Mechanical and Civil Engineering Seminar
We develop a physical and computational model for performing fully coupled, grain-resolving Direct Numerical Simulations of cohesive sediment, based on the Immersed Boundary Method. The model distributes the cohesive forces over a thin shell surrounding each particle, thereby allowing for the spatial and temporal resolution of the cohesive forces during particle-particle interactions.

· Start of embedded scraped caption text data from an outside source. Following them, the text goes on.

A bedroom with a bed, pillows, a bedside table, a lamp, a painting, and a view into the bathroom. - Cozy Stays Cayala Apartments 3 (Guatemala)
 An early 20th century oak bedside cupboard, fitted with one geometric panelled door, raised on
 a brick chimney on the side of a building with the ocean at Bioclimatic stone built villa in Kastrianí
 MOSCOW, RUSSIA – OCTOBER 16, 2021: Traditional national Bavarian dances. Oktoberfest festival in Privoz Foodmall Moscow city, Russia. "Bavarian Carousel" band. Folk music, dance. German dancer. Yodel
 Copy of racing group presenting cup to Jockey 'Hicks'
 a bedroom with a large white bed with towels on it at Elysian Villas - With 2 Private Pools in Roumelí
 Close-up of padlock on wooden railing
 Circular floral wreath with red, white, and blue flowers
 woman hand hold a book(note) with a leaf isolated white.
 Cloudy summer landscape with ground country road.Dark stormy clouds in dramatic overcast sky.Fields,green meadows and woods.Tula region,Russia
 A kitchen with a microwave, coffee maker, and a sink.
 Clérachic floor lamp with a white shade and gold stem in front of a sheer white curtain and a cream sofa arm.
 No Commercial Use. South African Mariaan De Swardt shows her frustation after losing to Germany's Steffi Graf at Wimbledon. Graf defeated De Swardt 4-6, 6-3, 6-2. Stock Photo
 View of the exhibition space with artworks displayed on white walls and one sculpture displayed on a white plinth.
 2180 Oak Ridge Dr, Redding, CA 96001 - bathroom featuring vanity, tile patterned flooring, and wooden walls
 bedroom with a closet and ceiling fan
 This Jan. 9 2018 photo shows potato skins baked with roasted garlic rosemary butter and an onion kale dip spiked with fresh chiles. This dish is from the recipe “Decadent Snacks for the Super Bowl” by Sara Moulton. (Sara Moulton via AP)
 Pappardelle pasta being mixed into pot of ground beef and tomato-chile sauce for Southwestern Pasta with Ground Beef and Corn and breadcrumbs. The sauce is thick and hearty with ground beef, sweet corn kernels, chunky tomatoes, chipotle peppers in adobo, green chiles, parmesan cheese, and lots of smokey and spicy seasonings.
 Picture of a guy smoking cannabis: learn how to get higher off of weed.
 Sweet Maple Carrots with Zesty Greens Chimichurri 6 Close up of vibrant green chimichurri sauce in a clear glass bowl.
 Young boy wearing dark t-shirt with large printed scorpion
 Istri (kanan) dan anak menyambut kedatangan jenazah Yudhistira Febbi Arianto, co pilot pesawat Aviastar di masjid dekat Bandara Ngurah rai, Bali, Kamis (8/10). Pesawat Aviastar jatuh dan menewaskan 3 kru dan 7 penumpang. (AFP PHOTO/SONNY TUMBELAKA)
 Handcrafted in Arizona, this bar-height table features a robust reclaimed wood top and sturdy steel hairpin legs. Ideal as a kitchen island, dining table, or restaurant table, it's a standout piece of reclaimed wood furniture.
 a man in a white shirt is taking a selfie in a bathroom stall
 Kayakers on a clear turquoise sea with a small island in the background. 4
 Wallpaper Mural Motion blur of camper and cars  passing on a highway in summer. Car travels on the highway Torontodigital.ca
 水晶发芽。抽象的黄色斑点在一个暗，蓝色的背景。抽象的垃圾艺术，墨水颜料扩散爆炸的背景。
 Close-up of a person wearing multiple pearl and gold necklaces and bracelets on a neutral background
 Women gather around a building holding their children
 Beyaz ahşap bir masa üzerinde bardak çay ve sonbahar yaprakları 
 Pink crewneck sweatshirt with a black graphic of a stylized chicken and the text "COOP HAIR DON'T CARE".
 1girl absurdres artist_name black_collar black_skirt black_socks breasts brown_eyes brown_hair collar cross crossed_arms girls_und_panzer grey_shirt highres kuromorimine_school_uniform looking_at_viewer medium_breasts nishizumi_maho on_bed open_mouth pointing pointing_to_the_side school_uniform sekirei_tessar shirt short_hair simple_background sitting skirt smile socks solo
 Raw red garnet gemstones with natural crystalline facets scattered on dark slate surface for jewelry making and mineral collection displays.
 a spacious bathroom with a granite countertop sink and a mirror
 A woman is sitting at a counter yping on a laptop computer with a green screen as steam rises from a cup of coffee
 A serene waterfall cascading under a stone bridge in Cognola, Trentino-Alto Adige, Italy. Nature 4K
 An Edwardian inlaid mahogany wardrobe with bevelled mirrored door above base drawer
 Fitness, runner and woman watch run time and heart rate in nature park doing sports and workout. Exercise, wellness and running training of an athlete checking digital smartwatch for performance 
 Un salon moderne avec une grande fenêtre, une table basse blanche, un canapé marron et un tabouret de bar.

We test and validate the cohesive force model for binary particle interactions in the Drafting-Kissing-Tumbling (DKT) configuration. Cohesive sediment grains can remain attached to each other during the tumbling phase following the initial collision, thereby giving rise to the formation of flocs. The DKT simulations demonstrate that cohesive particle pairs settle in a preferred orientation, with particles of very different sizes preferentially aligning themselves in the vertical direction, so that the smaller particle is drafted in the wake of the larger one. This preferred orientation of cohesive particle pairs is found to remain influential for much larger simulations of 1,261 polydisperse particles released from rest. These simulations reproduce several earlier experimental observations by other authors, such as the accelerated settling of sand and silt particles due to particle bonding, the stratification of cohesive sediment deposits, and the consolidation process of the deposit. This final phase also shows the build-up of cohesive and direct contact intergranular stresses. The simulations demonstrate that cohesive forces accelerate the overall settling process primarily because smaller grains attach to larger ones and settle in their wakes. An investigation of the energy budget shows that the work of the collision forces substantially modifies the relevant energy conversion processes.